List of Subjects in 12 CFR Part 1282
Mortgages, Reporting and recordkeeping requirements.
Authority and Issuance
For the reasons stated in the Preamble, under the authority of 12
U.S.C. 4511, 4513, and 4526, FHFA proposes to amend part 1282 of Title
12 of the Code of Federal Regulations as follows:
CHAPTER XII--FEDERAL HOUSING FINANCE AGENCY
SUBCHAPTER E--HOUSING GOALS AND MISSION
PART 1282--ENTERPRISE HOUSING GOALS AND MISSION
0
1. The authority citation for part 1282 continues to read as follows:
Authority: 12 U.S.C. 4501, 4502, 4511, 4513, 4526, 4561-4566.
0
2. Amend Sec. 1282.13 by revising paragraphs (b) through (d) to read
as follows:
Sec. 1282.13 Multifamily special affordable housing goal and
subgoals.
* * * * *
(b) Multifamily low-income housing goal. The percentage share of
dwelling units in multifamily residential housing financed by mortgages
purchased by each Enterprise that consists of dwelling units affordable
to low-income families shall meet or exceed 61 percent of the total
number of dwelling units in multifamily residential housing financed by
mortgages purchased by the Enterprise in each year for 2023 and 2024.
(c) Multifamily very low-income housing subgoal. The percentage
share of dwelling units in multifamily residential housing financed by
mortgages purchased by each Enterprise that consists of dwelling units
affordable to very low-income families shall meet or exceed 12 percent
of the total number of dwelling units in multifamily residential
housing financed by mortgages purchased by the Enterprise in each year
for 2023 and 2024.
(d) Small multifamily low-income housing subgoal. The percentage
share of dwelling units in small multifamily properties financed by
mortgages purchased by each Enterprise that consists of dwelling units
affordable to low-income families shall meet or exceed 2 percent of the
total number of dwelling units in all multifamily residential housing
financed by mortgages purchased by the Enterprise in each year for 2023
and 2024.
0
3. Amend Sec. 1282.15 by revising paragraphs (c) and (e)(3) to read as
follows:
Sec. 1282.15 General counting requirements.
* * * * *
(c) Calculating the numerator and denominator for multifamily
housing goals. Performance under the multifamily housing goal and
subgoals shall be measured using a fraction that is converted into a
percentage. Neither the numerator nor the denominator shall include
Enterprise transactions or activities that are not mortgage purchases
as defined by FHFA or that are specifically excluded as ineligible
under Sec. 1282.16(b).
[[Page 50803]]
(1) The numerator. The numerator of each fraction is the number of
dwelling units that count toward achievement of a particular
multifamily housing goal or subgoal in properties financed by mortgages
purchased by an Enterprise in a particular year.

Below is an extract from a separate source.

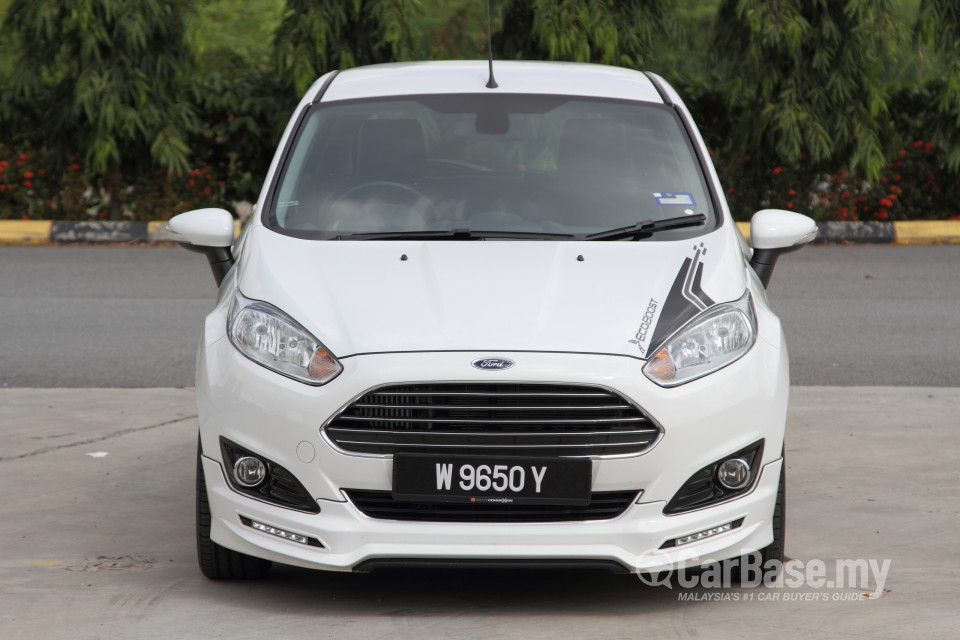 Ford Fiesta Mk6 Facelift (B299) (2013) Exterior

(2) The denominator. The denominator of each fraction is the total
number of dwelling units in properties financed by mortgages purchased
by an Enterprise in a particular year.
* * * * *
(e) * * *
(3) The estimation methodology in paragraph (e)(2) of this section
may be used up to a nationwide maximum of 5 percent of the total number
of rental units in properties securing multifamily mortgages purchased
by the Enterprise in the current year. Multifamily rental units with
missing affordability information in excess of this maximum shall be
included in the denominator for the multifamily housing goal and
subgoals, but such rental units shall not be counted in the numerator
of any multifamily housing goal or subgoal. Multifamily rental units
with missing affordability information for which estimation information
is not available shall be excluded from both the numerator and the
denominator for purposes of the multifamily housing goal and subgoals.
* * * * *
Sandra L. Thompson,
Director, Federal Housing Finance Agency.